**Activity:**
In the entries below, the lines from the one with "Grateful Floral Heart in Lavender Cushion" through the one with "2025年的花户黑户双烂下款" are to be copied exactly; both ends count.

**Data records:**

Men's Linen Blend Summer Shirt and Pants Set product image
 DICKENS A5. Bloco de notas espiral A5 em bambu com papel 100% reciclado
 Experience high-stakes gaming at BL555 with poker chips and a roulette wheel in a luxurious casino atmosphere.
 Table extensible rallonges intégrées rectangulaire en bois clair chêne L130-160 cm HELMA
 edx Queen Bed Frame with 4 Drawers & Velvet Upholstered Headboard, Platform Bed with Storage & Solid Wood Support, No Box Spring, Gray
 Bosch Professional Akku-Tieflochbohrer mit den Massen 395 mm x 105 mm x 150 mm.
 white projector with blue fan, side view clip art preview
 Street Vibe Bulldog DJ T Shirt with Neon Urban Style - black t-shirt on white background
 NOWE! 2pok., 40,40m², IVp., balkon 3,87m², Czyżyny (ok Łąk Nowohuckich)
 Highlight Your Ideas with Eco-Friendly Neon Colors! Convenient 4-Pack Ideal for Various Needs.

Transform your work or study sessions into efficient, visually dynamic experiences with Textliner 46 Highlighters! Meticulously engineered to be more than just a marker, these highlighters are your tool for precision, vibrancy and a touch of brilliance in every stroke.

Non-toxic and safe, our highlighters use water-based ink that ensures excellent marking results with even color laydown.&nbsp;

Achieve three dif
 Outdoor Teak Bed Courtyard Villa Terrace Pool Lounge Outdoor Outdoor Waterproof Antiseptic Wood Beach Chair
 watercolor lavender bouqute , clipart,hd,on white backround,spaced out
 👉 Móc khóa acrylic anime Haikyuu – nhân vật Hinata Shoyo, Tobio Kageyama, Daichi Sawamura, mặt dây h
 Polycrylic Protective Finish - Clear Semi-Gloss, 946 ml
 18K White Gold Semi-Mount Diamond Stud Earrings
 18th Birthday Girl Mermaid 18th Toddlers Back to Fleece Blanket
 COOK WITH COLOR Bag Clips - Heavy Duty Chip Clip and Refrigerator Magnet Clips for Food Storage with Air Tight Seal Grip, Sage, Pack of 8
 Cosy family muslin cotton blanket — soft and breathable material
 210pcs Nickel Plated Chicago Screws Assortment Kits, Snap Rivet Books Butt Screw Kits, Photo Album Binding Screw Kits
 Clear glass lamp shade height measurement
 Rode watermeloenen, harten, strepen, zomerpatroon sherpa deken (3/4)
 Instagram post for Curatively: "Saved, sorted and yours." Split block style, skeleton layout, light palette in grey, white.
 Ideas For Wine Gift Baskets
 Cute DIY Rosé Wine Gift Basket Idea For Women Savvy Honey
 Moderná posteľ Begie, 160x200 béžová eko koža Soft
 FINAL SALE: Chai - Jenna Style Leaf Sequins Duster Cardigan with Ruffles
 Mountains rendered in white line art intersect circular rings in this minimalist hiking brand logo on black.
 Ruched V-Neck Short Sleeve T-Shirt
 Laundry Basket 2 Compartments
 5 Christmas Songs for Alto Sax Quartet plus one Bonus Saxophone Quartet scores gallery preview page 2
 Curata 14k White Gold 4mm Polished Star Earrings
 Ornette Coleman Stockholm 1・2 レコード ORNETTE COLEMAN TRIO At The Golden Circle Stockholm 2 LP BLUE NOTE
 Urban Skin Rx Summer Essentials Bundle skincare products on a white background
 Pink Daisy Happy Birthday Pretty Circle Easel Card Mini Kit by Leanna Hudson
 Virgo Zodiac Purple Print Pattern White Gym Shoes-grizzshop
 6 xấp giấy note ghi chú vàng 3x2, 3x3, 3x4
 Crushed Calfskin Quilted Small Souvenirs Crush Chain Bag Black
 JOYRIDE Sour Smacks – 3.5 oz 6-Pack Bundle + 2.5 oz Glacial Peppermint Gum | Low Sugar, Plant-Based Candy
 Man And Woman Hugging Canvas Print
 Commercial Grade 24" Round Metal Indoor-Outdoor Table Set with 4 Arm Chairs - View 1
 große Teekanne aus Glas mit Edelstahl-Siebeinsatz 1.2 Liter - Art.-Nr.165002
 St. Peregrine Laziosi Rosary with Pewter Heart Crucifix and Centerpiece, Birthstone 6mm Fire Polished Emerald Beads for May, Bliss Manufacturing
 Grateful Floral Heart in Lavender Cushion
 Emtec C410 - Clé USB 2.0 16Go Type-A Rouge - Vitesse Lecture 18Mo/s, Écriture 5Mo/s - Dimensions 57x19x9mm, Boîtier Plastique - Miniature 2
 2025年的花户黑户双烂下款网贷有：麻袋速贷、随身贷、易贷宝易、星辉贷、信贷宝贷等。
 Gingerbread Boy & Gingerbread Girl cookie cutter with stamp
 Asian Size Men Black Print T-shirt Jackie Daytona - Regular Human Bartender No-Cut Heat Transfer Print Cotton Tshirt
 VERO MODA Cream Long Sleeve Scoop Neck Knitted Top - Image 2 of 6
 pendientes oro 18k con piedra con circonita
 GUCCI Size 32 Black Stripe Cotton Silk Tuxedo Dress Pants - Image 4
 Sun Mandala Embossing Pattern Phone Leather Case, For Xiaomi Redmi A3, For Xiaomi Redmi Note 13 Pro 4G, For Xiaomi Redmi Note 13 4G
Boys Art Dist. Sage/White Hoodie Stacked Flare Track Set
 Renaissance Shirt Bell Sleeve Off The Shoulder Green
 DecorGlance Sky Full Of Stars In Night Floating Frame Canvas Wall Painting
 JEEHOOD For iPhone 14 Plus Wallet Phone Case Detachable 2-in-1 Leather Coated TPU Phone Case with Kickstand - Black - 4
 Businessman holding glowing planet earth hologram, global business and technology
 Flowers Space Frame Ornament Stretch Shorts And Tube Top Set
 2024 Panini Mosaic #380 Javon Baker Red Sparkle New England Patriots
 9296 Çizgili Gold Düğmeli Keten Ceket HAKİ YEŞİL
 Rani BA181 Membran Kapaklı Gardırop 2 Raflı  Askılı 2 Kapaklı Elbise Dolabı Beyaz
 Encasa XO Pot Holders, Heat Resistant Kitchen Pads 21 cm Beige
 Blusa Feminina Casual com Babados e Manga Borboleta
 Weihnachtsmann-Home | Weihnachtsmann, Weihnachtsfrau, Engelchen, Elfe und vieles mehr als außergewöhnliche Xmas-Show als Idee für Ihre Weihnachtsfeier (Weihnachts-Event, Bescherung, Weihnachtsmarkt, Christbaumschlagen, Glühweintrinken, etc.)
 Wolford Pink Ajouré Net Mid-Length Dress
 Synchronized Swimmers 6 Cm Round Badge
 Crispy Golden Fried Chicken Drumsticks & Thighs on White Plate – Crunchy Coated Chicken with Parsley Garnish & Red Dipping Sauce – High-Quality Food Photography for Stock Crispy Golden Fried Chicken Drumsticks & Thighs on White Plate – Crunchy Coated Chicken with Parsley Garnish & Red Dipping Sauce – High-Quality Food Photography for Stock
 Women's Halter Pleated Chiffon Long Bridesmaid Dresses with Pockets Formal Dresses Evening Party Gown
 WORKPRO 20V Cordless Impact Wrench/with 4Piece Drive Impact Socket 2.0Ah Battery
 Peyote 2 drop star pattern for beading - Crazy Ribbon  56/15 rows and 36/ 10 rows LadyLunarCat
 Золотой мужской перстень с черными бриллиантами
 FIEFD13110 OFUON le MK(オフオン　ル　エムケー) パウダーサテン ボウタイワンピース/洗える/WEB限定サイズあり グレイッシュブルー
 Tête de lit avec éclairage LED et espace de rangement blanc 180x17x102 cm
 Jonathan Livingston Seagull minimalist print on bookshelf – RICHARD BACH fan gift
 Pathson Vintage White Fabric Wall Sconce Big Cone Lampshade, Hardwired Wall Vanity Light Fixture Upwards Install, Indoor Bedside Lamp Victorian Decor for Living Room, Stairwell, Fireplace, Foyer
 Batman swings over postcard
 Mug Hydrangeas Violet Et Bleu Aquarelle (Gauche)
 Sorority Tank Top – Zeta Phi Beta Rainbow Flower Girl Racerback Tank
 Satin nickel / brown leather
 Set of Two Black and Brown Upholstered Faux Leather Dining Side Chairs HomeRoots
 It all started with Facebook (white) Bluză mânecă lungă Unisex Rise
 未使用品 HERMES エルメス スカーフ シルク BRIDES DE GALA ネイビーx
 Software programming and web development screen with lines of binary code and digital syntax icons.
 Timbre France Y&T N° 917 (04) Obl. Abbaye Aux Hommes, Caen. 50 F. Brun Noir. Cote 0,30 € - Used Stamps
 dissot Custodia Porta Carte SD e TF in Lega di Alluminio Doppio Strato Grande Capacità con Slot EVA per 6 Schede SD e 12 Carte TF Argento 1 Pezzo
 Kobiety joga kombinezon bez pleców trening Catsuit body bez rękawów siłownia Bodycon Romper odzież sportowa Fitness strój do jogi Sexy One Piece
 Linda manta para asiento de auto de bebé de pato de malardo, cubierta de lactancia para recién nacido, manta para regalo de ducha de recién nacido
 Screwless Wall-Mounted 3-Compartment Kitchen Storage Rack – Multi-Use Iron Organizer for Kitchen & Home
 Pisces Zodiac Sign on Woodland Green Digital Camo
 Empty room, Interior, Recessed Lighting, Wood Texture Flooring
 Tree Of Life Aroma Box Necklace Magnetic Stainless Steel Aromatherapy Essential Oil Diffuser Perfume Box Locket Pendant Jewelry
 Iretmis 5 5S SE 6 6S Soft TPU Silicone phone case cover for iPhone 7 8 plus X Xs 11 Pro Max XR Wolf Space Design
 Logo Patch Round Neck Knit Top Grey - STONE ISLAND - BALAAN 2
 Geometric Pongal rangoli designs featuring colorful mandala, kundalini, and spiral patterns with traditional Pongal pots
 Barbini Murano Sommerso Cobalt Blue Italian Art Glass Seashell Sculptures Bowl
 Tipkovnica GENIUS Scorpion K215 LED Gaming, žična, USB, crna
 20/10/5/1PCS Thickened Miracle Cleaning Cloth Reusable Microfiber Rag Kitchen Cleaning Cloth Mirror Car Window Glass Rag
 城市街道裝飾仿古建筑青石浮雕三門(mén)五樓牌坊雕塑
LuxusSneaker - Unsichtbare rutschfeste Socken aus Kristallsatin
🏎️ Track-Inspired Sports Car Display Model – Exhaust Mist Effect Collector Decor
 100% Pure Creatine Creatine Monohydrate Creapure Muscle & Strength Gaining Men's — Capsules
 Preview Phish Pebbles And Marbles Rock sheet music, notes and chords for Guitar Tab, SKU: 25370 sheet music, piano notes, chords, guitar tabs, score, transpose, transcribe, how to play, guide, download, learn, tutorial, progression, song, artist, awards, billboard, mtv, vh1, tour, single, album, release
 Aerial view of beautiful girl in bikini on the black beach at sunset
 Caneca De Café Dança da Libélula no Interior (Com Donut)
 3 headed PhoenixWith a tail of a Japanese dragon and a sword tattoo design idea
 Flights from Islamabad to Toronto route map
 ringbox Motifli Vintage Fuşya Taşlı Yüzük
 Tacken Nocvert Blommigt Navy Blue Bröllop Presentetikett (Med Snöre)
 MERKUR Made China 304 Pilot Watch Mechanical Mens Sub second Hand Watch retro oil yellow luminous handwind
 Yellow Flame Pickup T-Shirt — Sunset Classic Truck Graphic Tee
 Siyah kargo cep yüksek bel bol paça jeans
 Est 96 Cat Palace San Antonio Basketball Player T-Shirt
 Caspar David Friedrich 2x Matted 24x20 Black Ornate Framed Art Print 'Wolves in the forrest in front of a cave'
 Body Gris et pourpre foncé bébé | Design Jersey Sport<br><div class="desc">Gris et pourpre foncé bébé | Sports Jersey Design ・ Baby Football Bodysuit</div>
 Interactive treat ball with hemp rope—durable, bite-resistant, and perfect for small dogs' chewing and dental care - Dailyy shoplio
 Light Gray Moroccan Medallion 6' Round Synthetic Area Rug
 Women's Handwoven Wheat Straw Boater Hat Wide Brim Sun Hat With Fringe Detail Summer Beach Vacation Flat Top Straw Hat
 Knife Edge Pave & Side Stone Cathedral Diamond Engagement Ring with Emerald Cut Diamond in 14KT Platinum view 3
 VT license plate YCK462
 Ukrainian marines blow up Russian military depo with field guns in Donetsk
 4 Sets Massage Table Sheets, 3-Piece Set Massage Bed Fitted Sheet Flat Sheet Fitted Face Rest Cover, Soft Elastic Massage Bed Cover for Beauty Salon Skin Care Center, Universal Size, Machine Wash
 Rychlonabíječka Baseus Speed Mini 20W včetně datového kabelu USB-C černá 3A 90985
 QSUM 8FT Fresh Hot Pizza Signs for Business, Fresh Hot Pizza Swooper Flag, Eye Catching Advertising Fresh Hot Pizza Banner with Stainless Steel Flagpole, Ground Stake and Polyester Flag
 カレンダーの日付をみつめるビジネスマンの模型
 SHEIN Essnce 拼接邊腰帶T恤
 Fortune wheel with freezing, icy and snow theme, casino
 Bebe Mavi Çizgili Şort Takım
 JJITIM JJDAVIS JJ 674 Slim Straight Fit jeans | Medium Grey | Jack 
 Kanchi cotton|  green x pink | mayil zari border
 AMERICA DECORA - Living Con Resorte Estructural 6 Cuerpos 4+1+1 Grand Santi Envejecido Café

**Answer space:**
 Grateful Floral Heart in Lavender Cushion
 Emtec C410 - Clé USB 2.0 16Go Type-A Rouge - Vitesse Lecture 18Mo/s, Écriture 5Mo/s - Dimensions 57x19x9mm, Boîtier Plastique - Miniature 2
 2025年的花户黑户双烂下款网贷有：麻袋速贷、随身贷、易贷宝易、星辉贷、信贷宝贷等。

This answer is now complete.